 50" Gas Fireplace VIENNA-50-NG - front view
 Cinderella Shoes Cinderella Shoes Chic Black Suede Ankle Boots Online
* * *
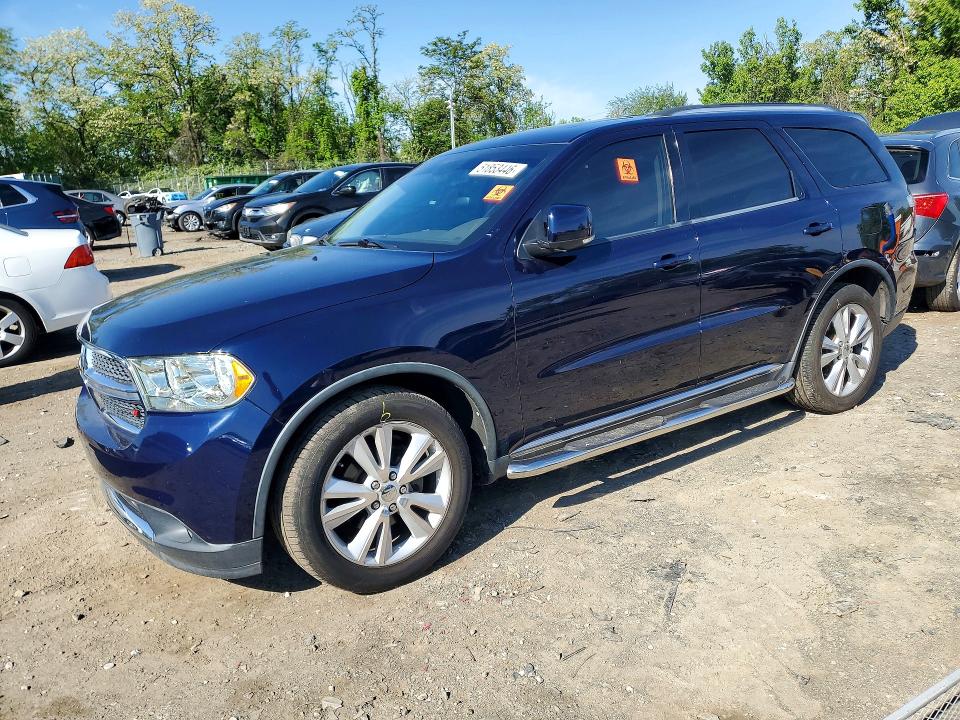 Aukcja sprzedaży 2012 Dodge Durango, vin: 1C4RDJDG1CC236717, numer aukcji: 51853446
* * *
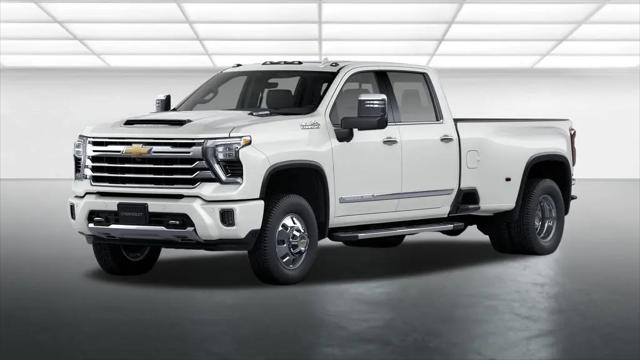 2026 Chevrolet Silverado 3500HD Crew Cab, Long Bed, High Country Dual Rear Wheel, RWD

» WORK ORDER:
In the listing above, find the line with "- front view" and the line with "Cinderella Shoes Cinderella"; output exactly those lines and all lines between them.

» EXPECTED OUTPUT:
 50" Gas Fireplace VIENNA-50-NG - front view
 Cinderella Shoes Cinderella Shoes Chic Black Suede Ankle Boots Online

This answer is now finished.